I’ve been thinking about ways to propagate information about available workers (and possibly other resources) in scenarios with nested computations. Say we have 10000 workers available and want to run a high-level distributed algorithm which will scale up to 100 workers. Each parallel part of the high-level algorithm will in turn use a lower-level parallel algorithm internally that can also scale up to 100 workers. So all 10000 workers could be utilized - the question is, how will each instance of the low-level algorithm know which workers it’s allowed to use, when coding this in a modular fashion: There could be different low-level algorithms to choose from, and there might also be methods that are used stand-alone in other situations - we don’t want to code it as a monolithic thing.
On the thread-level, the partr scheduler has pretty much solved these problem now (since Julia v1.3).
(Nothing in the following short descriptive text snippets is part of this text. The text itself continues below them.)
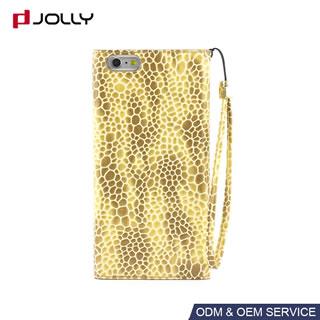 Funda cartera para iPhone 6 Plus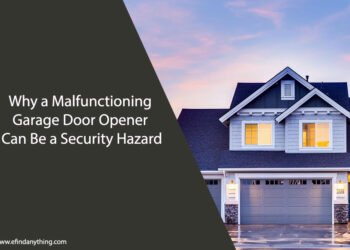 Garage Door Opener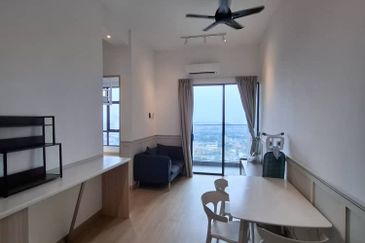 The Grand Subang SS15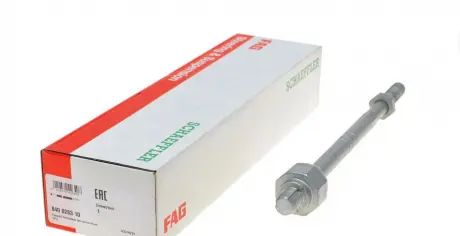 Осевой шарнир, рулевая тяга FAG 840 0283 10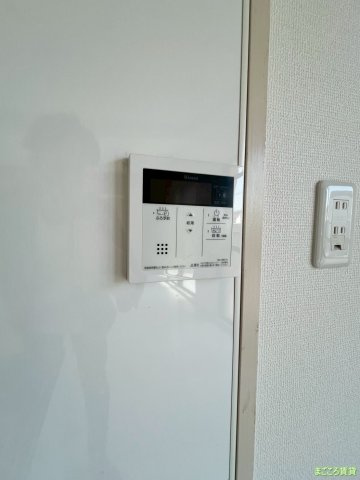 【設備】 | アルモカーサ新金岡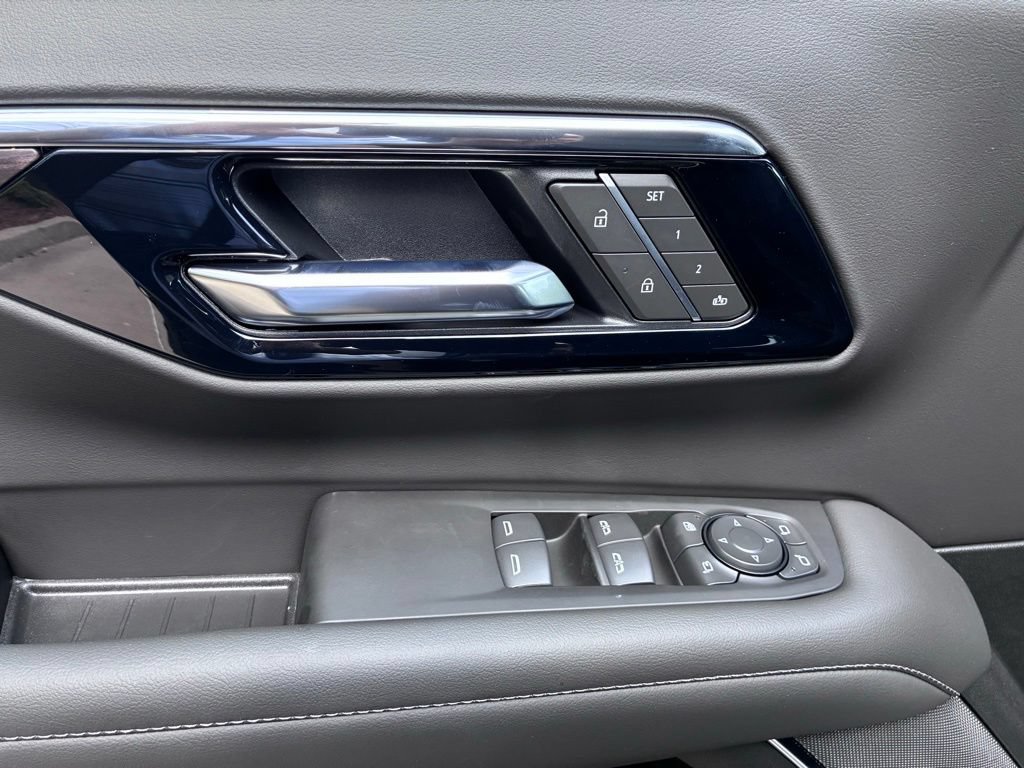 2026 Chevrolet Tahoe LT - Photo 27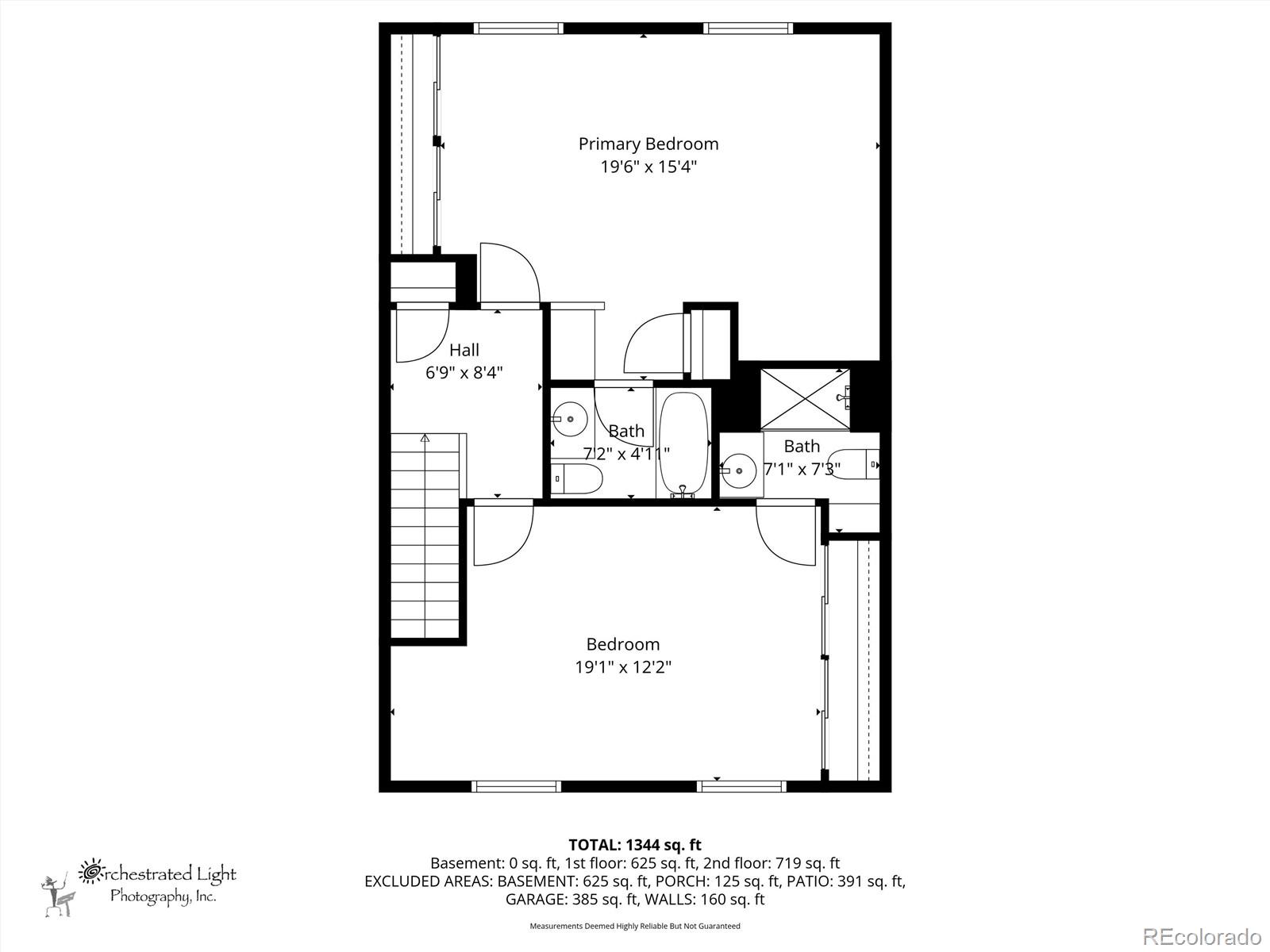5257 S Jellison Street Littleton CO 80123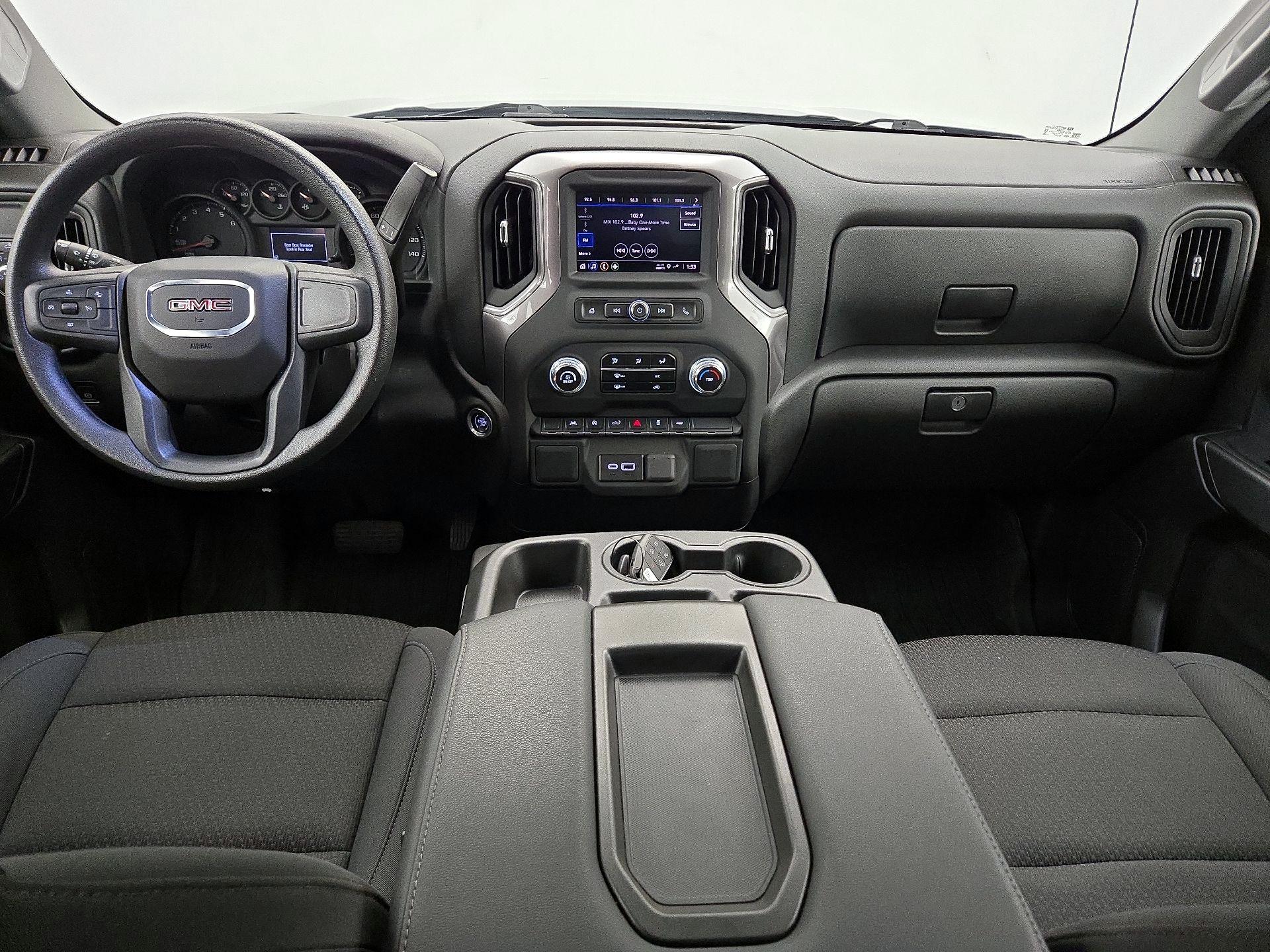 Thumbnail: 2024 GMC Sierra 1500 - 9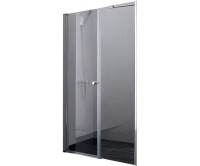 Дверное полотно CEZARES ELENA-W-60/60-C-Cr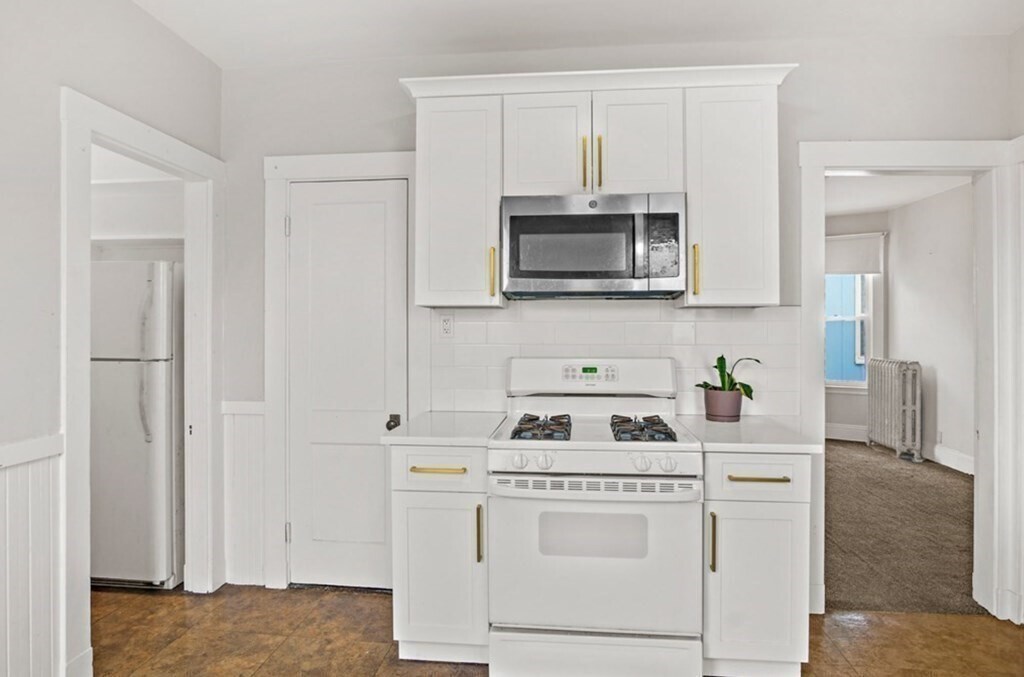 Foto principal - 9 Sumner Square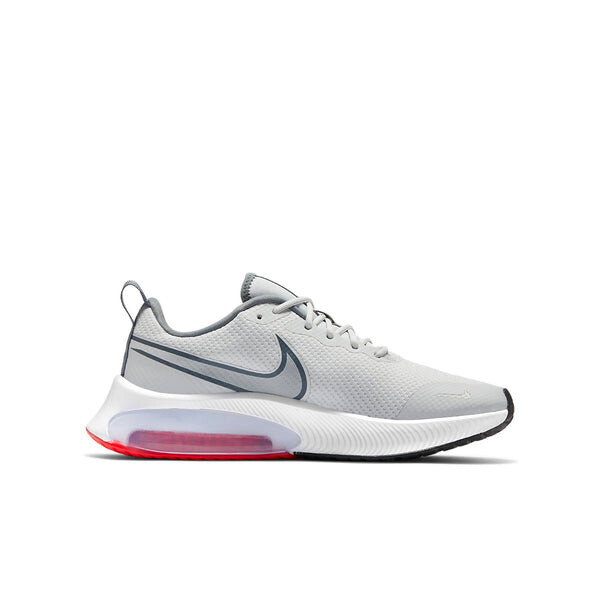 Кроссовки air zoom arcadia Nike, серый — фото 2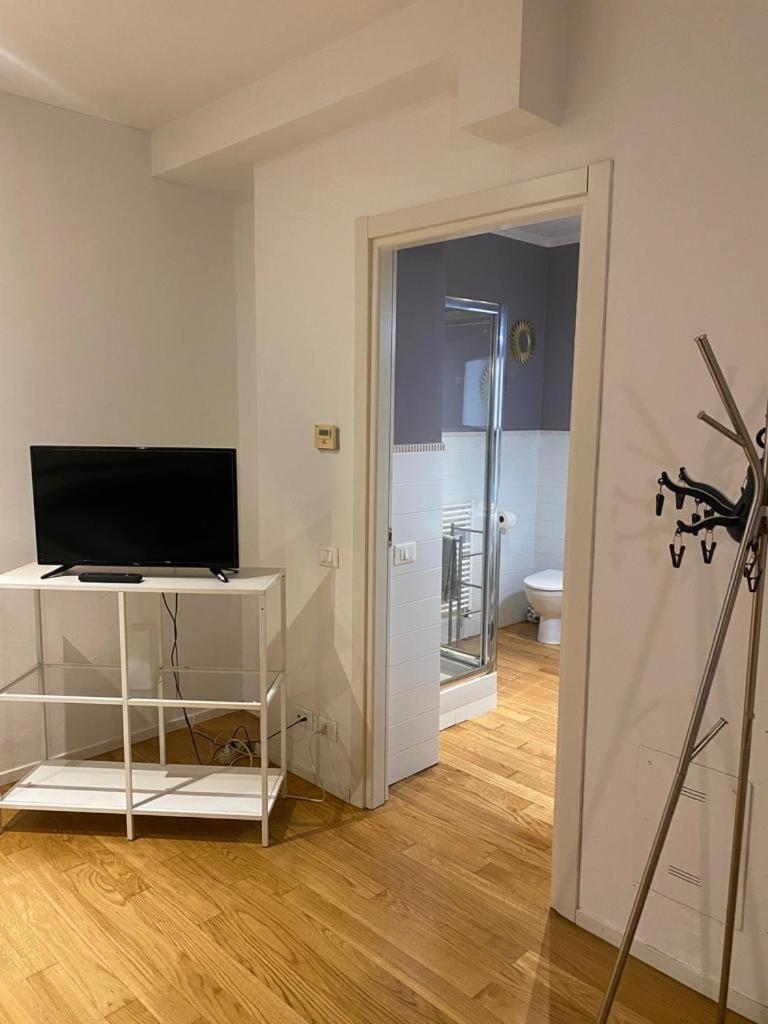 Appartamento Massarenti Bologna Eksteriør bilde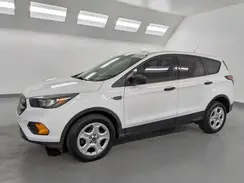 1FMCU0F71JUC89918 2018 FORD ESCAPE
To my knowledge, we currently don’t have such a scheduler for (possibly distributed) worker processes. I was thinking about some kind of simple solution we could use until we have a fancy scheduler for workers, like we have for threads now.
task_local_storage could be used to propagate information about available/assigned resources (mainly workers) in a hierarchy of tasks? We’d need a way to pass it along when spawning new local/remote tasks, of course.
If so, could we come up with a community standard on which key names/values to use in
task_local_storage, so that we can pass resource availability information through different parallel computing packages (e.g. Transducers.jl, CC @tkf) in a hierarchical computation?